Information given -
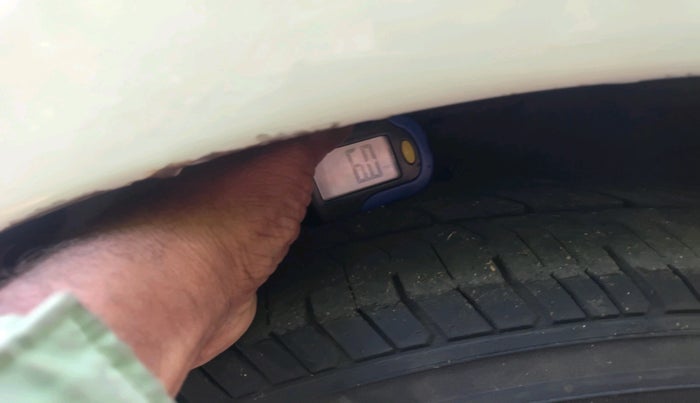 2010 Hyundai i20 ASTA 1.4 CRDI, Diesel, Manual, 1,24,675 km, tyre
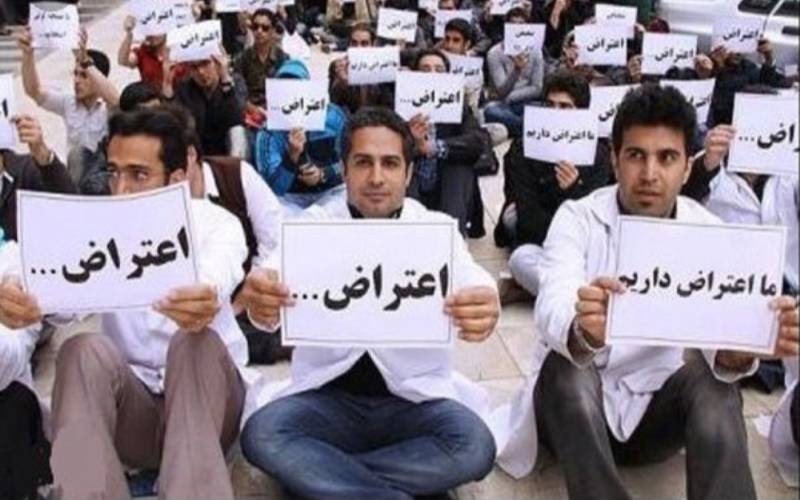 مسئلۀ اصلی در کشور نهادینه کردن حق اعتراض است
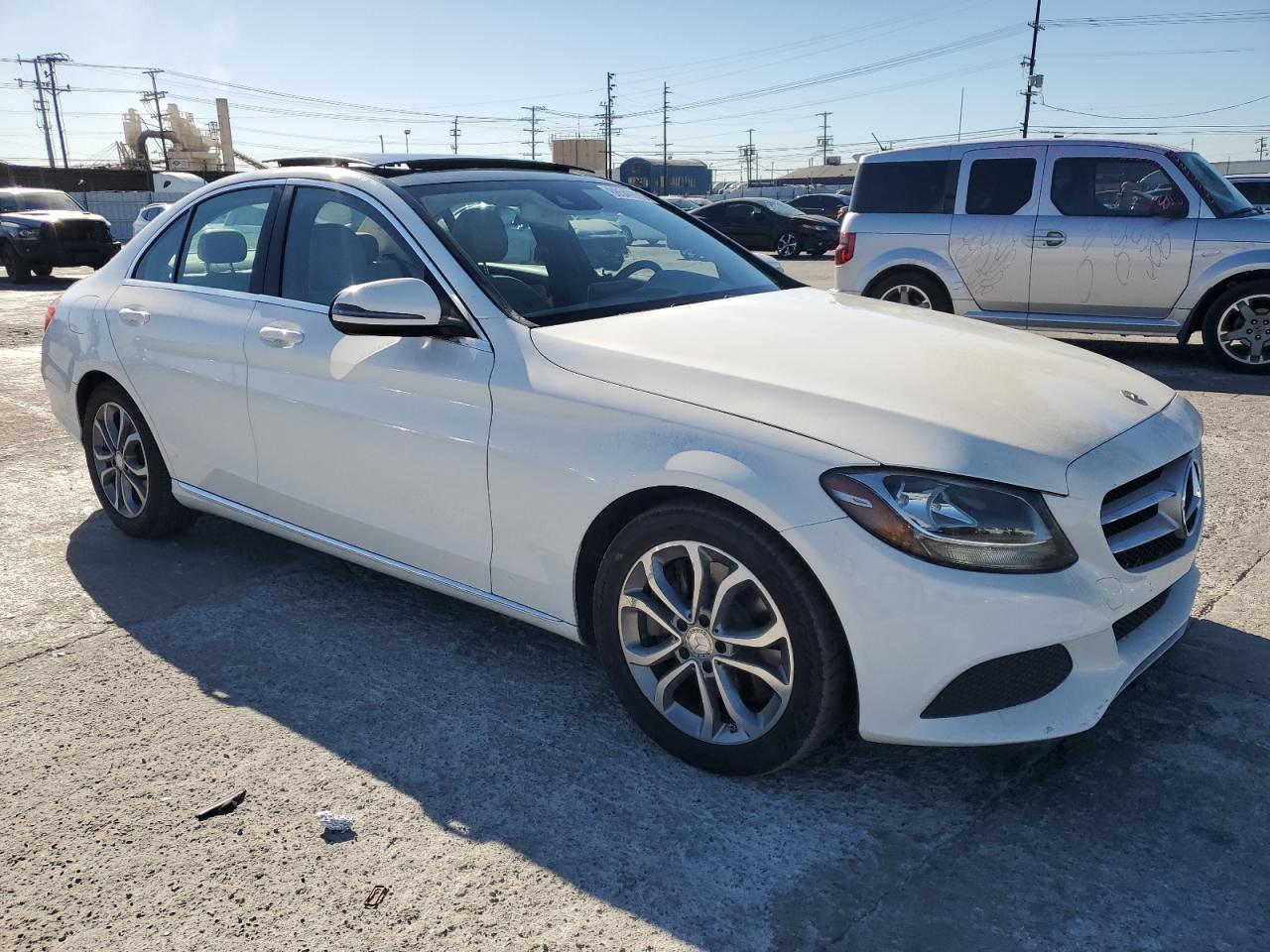 VIN 55SWF4JB0GU124201 2016 MERCEDES-BENZ C-CLASS no.4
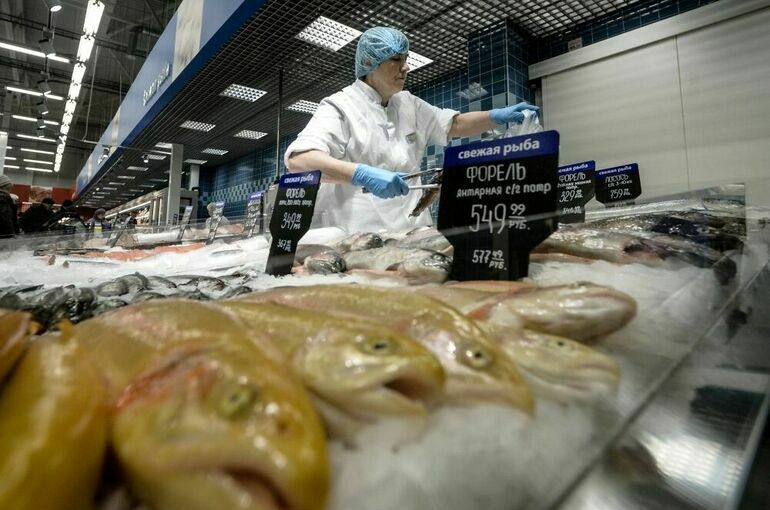 Эксперт рассказал об увеличении продаж «бюджетной» мороженой рыбы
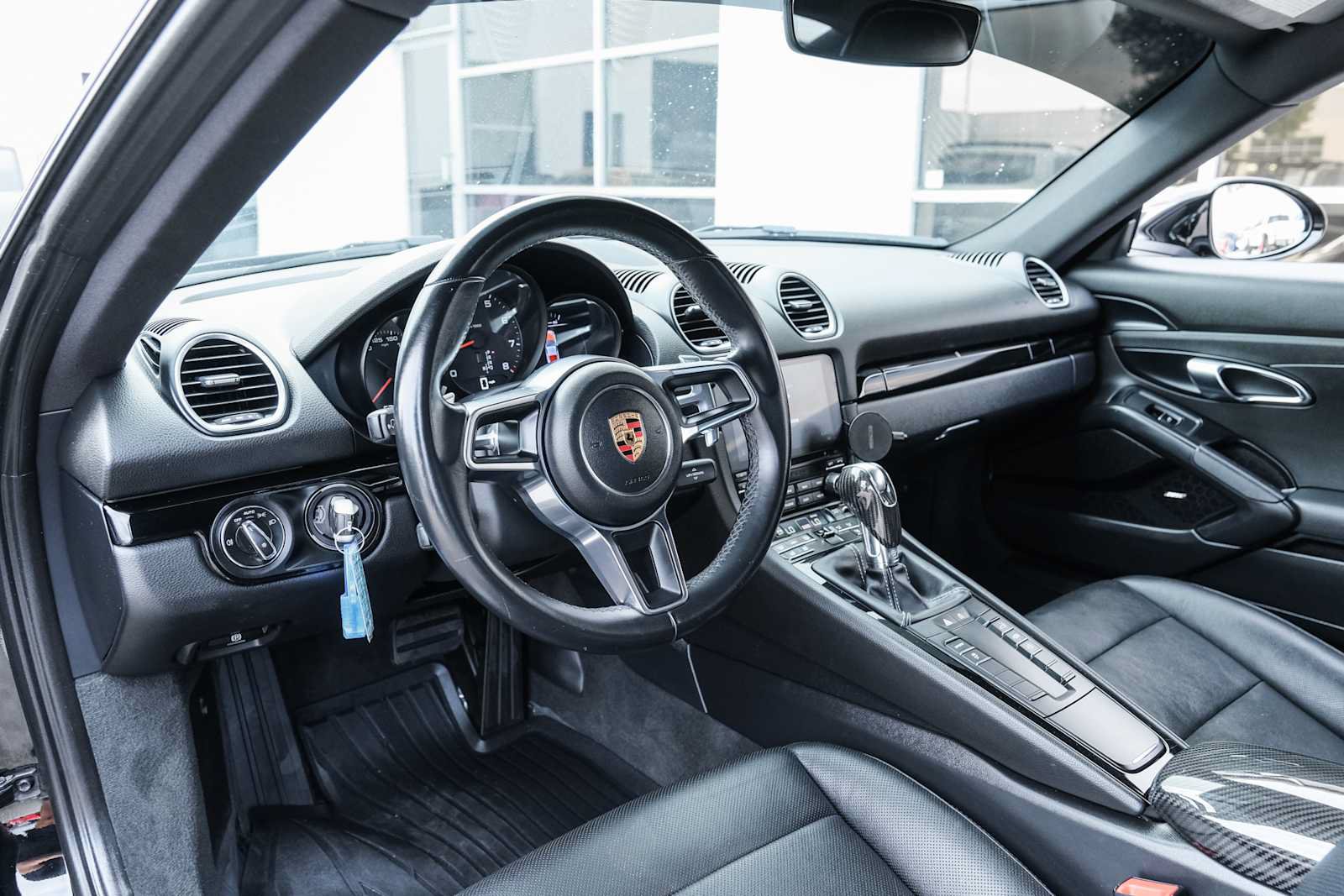 Used 2019 Porsche 718 Cayman RWD image 21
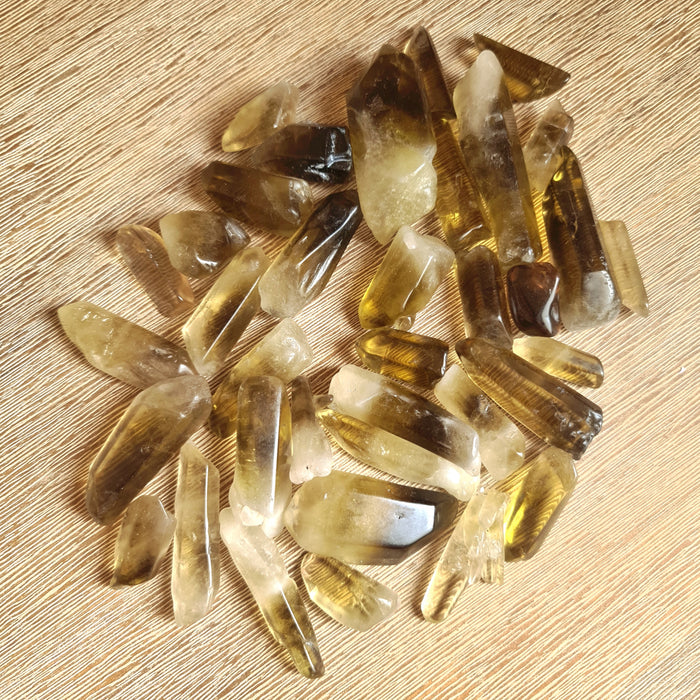 yellow brown points on a timber background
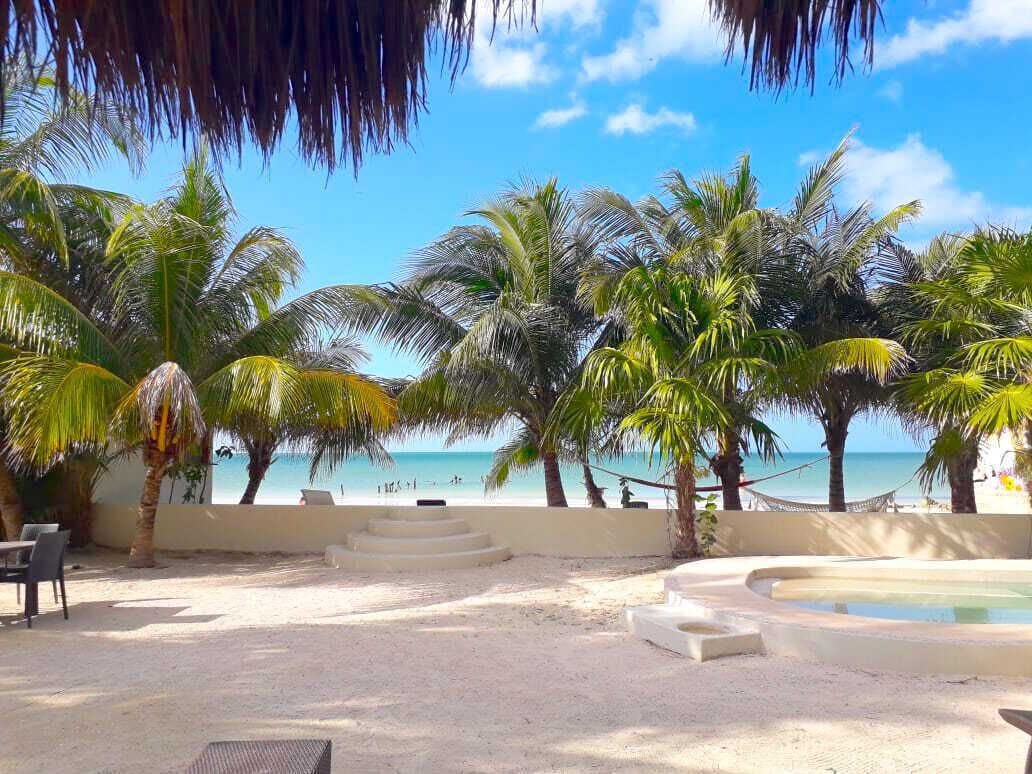 La Puerta Azul Beachfront Adults Only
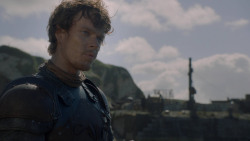 extant_GameOfThrones_2x05-TheGhostOfHarrenhal_1899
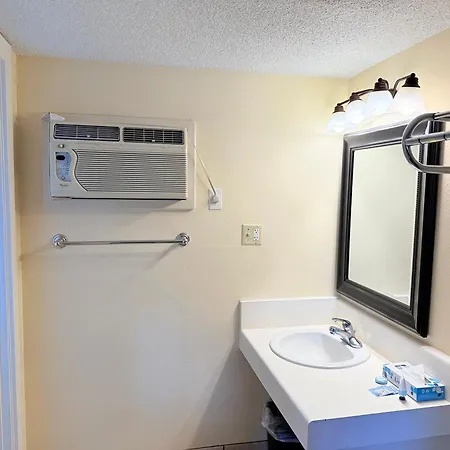 Timbers Inn And Suites Ashland Room photo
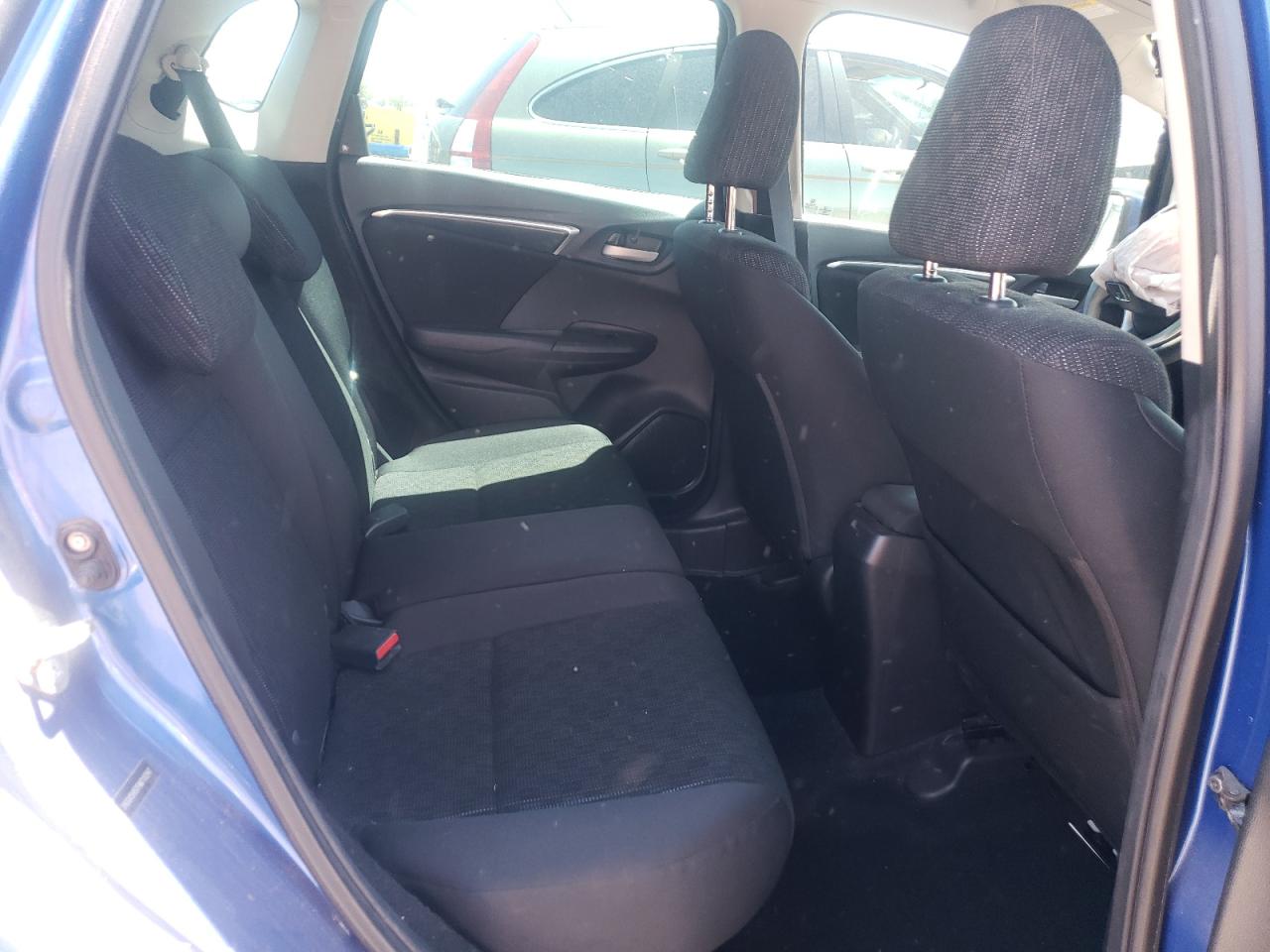 2015 Honda Fit Lx VIN: 3HGGK5H57FM710347 Lot: 63464795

Activity -
With the pictures omitted, print precisely the lines from the one with "Used 2019 Porsche 718 Cayman RWD image 21" to the final line of the records, both included.

Exercise response -
 Used 2019 Porsche 718 Cayman RWD image 21
 yellow brown points on a timber background
 La Puerta Azul Beachfront Adults Only
 extant_GameOfThrones_2x05-TheGhostOfHarrenhal_1899
 Timbers Inn And Suites Ashland Room photo
 2015 Honda Fit Lx VIN: 3HGGK5H57FM710347 Lot: 63464795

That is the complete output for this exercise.